Did you know….? According to the presenters, the term “embedded librarianship” emerged out of language adopted during the Iraq war of the early 1990’s, when journalists began to be “embedded” alongside American troops.

Methods for Embedding:

  1. Face to face: classroom visits (usually multiple rather than 1-shot)
  2. Indepth project work with teams, common in business, health sciences
  3. Participation in online discussions in the learning management system (e.g. Blackboard)
  4. Synchronous online instruction (e.g. Elluminate, Captivate, etc.)
  5. Onsite office hours in departments, dorms, etc.

Key takeaways from this seminar:

  1. Collaboration is key. You need collaborators.  Find out what they need and you can best help them. Embedding requires a lot of planning. Partners include any of IT (esp the LMS admin); Student Services, instructors, department leaders, distance ed admins, teaching-learning offices
  2. Barriers: Instructors find it hard to make time in their courses; library learning may not be in instructors’ radar as important. Consider promoting shorter interventions in class; discussions online; integration of Libguides and other support material for just-in-time learning.
  3. Why bother to embed? Sustainability: reach more students more efficiently; use library resources more effectively and have them better integrated into learning; opportunities to innovate.
  4. Set priorities.
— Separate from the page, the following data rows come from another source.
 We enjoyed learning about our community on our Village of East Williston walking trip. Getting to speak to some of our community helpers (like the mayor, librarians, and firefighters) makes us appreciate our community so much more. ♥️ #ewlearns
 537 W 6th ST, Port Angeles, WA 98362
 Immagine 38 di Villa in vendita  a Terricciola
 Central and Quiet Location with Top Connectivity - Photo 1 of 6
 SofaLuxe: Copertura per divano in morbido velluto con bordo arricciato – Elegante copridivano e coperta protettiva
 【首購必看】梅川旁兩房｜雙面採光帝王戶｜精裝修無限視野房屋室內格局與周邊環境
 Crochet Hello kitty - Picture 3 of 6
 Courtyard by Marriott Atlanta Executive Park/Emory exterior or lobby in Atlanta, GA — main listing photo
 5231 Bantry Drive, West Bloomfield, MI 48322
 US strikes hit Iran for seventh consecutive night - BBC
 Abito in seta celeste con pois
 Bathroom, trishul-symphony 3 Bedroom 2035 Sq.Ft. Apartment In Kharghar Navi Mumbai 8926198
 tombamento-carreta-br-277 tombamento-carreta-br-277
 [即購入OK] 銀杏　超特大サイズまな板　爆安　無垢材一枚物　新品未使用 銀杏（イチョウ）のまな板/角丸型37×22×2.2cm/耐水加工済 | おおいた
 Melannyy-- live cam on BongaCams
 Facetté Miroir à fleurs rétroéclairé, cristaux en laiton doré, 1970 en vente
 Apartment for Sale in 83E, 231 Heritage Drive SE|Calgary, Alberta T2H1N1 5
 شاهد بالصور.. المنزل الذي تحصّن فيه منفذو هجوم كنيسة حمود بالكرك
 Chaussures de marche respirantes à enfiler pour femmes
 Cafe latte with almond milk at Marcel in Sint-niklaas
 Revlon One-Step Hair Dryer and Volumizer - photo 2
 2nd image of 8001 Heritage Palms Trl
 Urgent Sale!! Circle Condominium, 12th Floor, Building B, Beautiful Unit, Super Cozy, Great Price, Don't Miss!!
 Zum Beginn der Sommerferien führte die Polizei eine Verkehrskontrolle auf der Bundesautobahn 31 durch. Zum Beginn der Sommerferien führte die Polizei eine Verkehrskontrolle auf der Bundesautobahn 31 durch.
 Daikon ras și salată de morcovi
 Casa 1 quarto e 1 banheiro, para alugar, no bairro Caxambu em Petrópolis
Prepare for success by setting priorities for who you will work with — e.g. top priority goes to courses or programs with large research components, lengthy assignments, degree requirements that involve info lit.  Remind potential partners that you might not be able to do exactly what they hope, but this is what you CAN do.  Set boundaries early rather than have to back out of a commitment later on. Instructor expectations may grow as your success in embedded work grows — don’t hesitate to have a conversation with the instructor to set the boundaries.

Looking to embed?  Seek out instructors who already ask you for one-shots, they will buy in most easily.

Where to embed? Consider LMS; labs; classroom; writing centers; dorms; final year projects; anywhere they will take you! Consider pilot projects so you can learn lessons on a small scale.  Think of doing a pilot project => formal embedded program => curriculum embeddedness as a longer term goal.

Process model for an embedded program:

Goal setting => Collaboration, incl environmental scan => Plan and Design => Assessment => Revisions

Plan and Design Phase: Different types of designs include

  1. F2F: If a lot of F2F seems like too much work, try teaching less — dont try to cram so much into your class time.  Break down your interventions, do shorter bits instead, come in more often.  Students particularly like getting chunks of learning, as it allows them to work through info lit goals gradually.
  2. Online: big advantage is asynchronicity — convenient for students, and you can work on the content as time permits. If you’re not really familiar with instructional design, consider partnering with a colleague who knows more on this.
  3. Passive (ie content online ready when they need it, like the U of T’s Blackboard FIXIT feeds).  An automated unstaffed presence in courses — including FIXIT and Libguides – great way to accomplish embedded goals. Also consider short podcasts embedded in courses through youtube channnels etc.
  4. Curriculum integration: the “ultimate” goal for embedding – get in on curriculum revisions in departments.  Can be game-changing. If you are there during planning stages, you can suggest ways for students to use resources to achieve learning goals and degree objectives.  You can be seen as a stakeholder.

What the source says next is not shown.